(Extracted records)

--*--

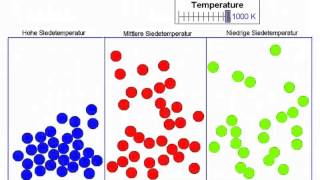 Teilchenmodell von Stoffen mit verschiedenen Siedetemperaturen [upl. by Gant]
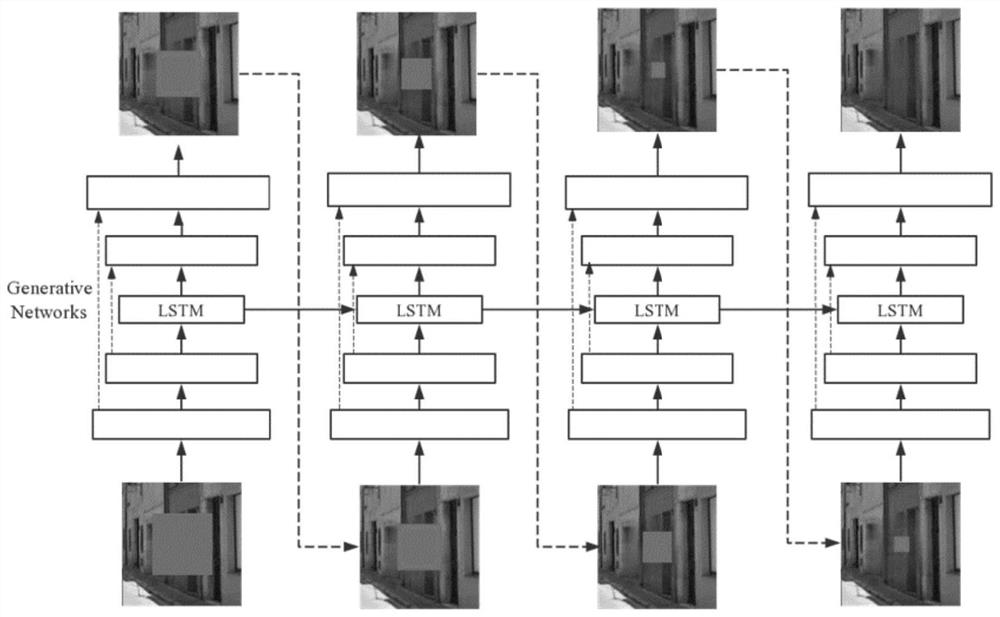 Image restoration method and system based on a progressive learning strategy, medium and equipment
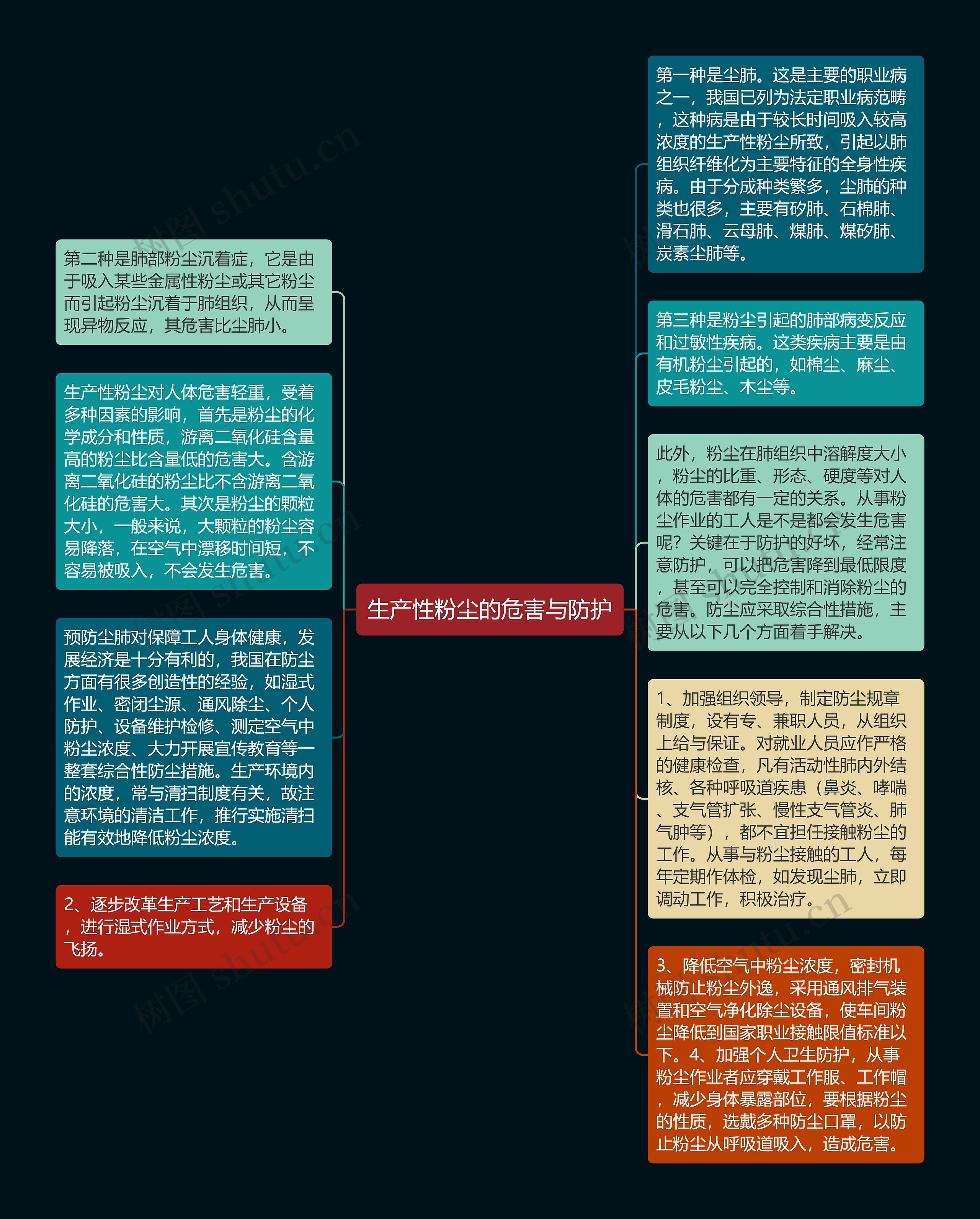 生产性粉尘的危害与防护思维导图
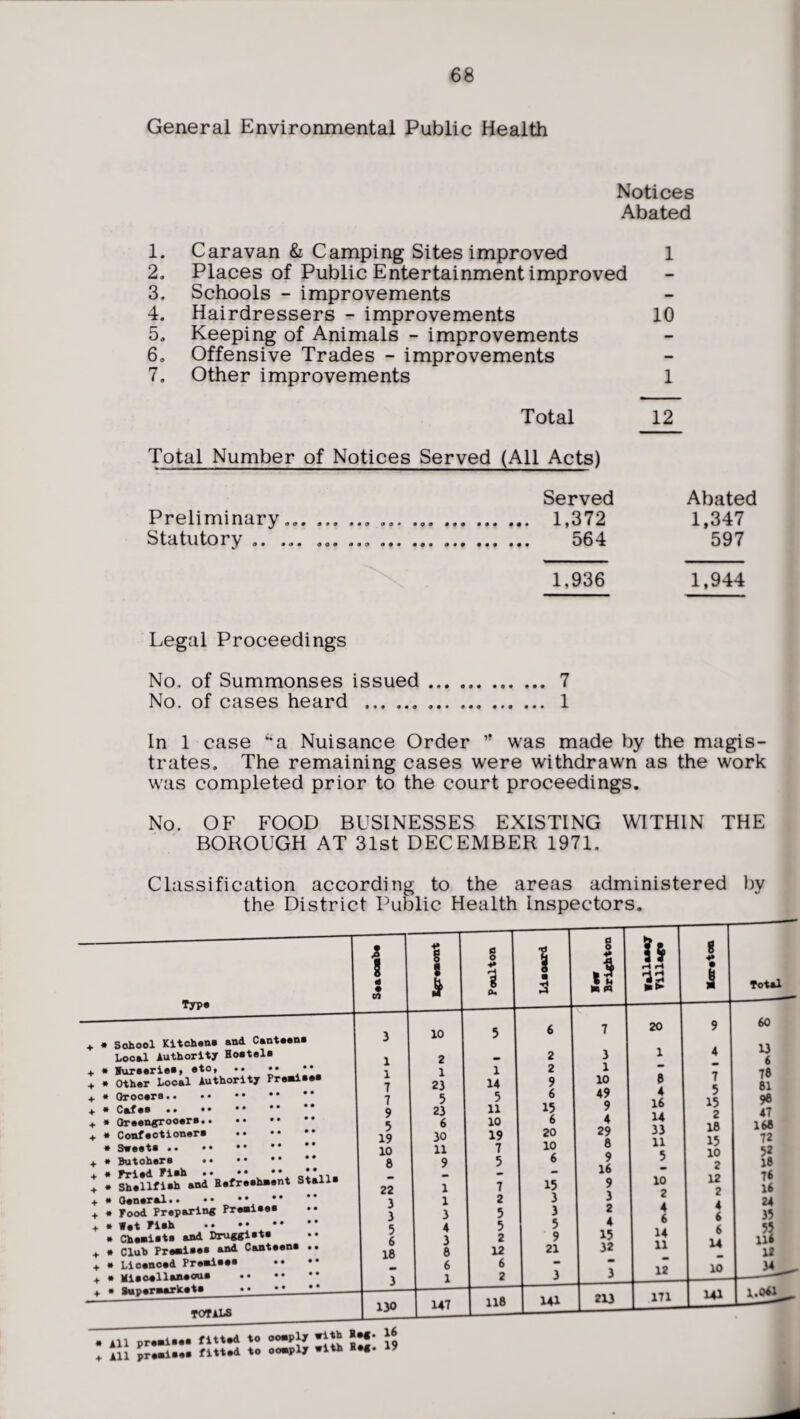 General Environmental Public Health Notices Abated 1. Caravan & Camping Sites improved 1 2. Places of Public Entertainment improved 3. Schools - improvements 4. Hairdressers - improvements 10 5* Keeping of Animals - improvements 6. Offensive Trades - improvements 7. Other improvements 1 Total 12 Total Number of Notices Served (All Acts) Preliminary... ... ... Statutory .. ... ... ... Served Abated 1,372 1,347 564 597 1,936 1,944 Legal Proceedings No. of Summonses issued ... .. 7 No. of cases heard ... ... .. 1 In 1 case “a Nuisance Order ’* was made by the magis¬ trates. The remaining cases were withdrawn as the work was completed prior to the court proceedings. No. OF FOOD BUSINESSES EXISTING WITHIN THE BOROUGH AT 31st DECEMBER 1971. Classification according to the areas administered by the District Public Health Inspectors. Type + * Sohool Kitchens and Canteens Looal Authority Hostels + * Hurseries, eto, .. •• •• + * Other Local Authority Premises + * Grocers. •• + * Cafes .. •• •• ** + » Oreengrooers.. •• •• + # Confectioners . * Sweets . + * Butohers . + • Pried Pish .. •• •• T* . + * Shellfish and Refreshment Stalls + * General. ** + » Pood Preparing Premises + # «#t Pish .. •• ** * Chemists and Druggists + # Cluh Premises and Canteens .. ♦ s Licenced Premises + * Miscellaneous .. •• ♦ * Supermarkets_«♦ ♦» *_' TOTALS __ ♦ All premises fitted to comply with ♦ All premises fitted to oomply with I 1 l 10 2 1 23 5 23 6 30 11 9 1 1 3 4 3 8 6 1 147 Poulton Lisoard a o sl U r*4 »-• toto s • 1 5 6 7 20 9 2 3 1 4 1 2 1 — — 14 9 10 8 7 * 6 49 4 5 J 11 15 9 16 15 10 19 6 20 4 29 14 33 2 18 7 5 10 6 8 9 11 5 15 10 16 - 2 7 2 15 3 9 3 10 2 12 2 5 5 2 3 5 9 2 4 15 4 6 14 4 6 6 12 21 32 11 14 L • 2 3 3 12 10 118 ui 213 171 HI Total 13 6 7B 81 96 47 168 72 5* 18 76 16 24 35 3 12 1.061 Sag* 16 Keg. 19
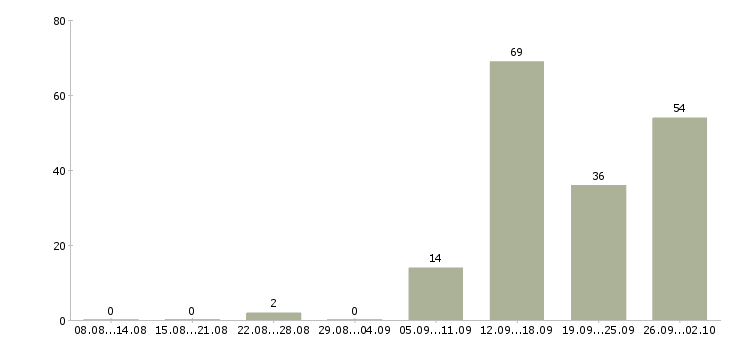 Работа менеджер по оформлению договоров в Владимире - Число вакансий в Владимире по специальности менеджер по оформлению договоров за 2 месяца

--*--

The entries are to be transcribed word for word, without their images.

» **Output of the task**
 Teilchenmodell von Stoffen mit verschiedenen Siedetemperaturen [upl. by Gant]
 Image restoration method and system based on a progressive learning strategy, medium and equipment
 生产性粉尘的危害与防护思维导图
 General Environmental Public Health Notices Abated 1. Caravan & Camping Sites improved 1 2. Places of Public Entertainment improved 3. Schools - improvements 4. Hairdressers - improvements 10 5* Keeping of Animals - improvements 6. Offensive Trades - improvements 7. Other improvements 1 Total 12 Total Number of Notices Served (All Acts) Preliminary... ... ... Statutory .. ... ... ... Served Abated 1,372 1,347 564 597 1,936 1,944 Legal Proceedings No. of Summonses issued ... .. 7 No. of cases heard ... ... .. 1 In 1 case “a Nuisance Order ’* was made by the magis¬ trates. The remaining cases were withdrawn as the work was completed prior to the court proceedings. No. OF FOOD BUSINESSES EXISTING WITHIN THE BOROUGH AT 31st DECEMBER 1971. Classification according to the areas administered by the District Public Health Inspectors. Type + * Sohool Kitchens and Canteens Looal Authority Hostels + * Hurseries, eto, .. •• •• + * Other Local Authority Premises + * Grocers. •• + * Cafes .. •• •• ** + » Oreengrooers.. •• •• + # Confectioners . * Sweets . + * Butohers . + • Pried Pish .. •• •• T* . + * Shellfish and Refreshment Stalls + * General. ** + » Pood Preparing Premises + # «#t Pish .. •• ** * Chemists and Druggists + # Cluh Premises and Canteens .. ♦ s Licenced Premises + * Miscellaneous .. •• ♦ * Supermarkets_«♦ ♦» *_' TOTALS __ ♦ All premises fitted to comply with ♦ All premises fitted to oomply with I 1 l 10 2 1 23 5 23 6 30 11 9 1 1 3 4 3 8 6 1 147 Poulton Lisoard a o sl U r*4 »-• toto s • 1 5 6 7 20 9 2 3 1 4 1 2 1 — — 14 9 10 8 7 * 6 49 4 5 J 11 15 9 16 15 10 19 6 20 4 29 14 33 2 18 7 5 10 6 8 9 11 5 15 10 16 - 2 7 2 15 3 9 3 10 2 12 2 5 5 2 3 5 9 2 4 15 4 6 14 4 6 6 12 21 32 11 14 L • 2 3 3 12 10 118 ui 213 171 HI Total 13 6 7B 81 96 47 168 72 5* 18 76 16 24 35 3 12 1.061 Sag* 16 Keg. 19
 Работа менеджер по оформлению договоров в Владимире - Число вакансий в Владимире по специальности менеджер по оформлению договоров за 2 месяца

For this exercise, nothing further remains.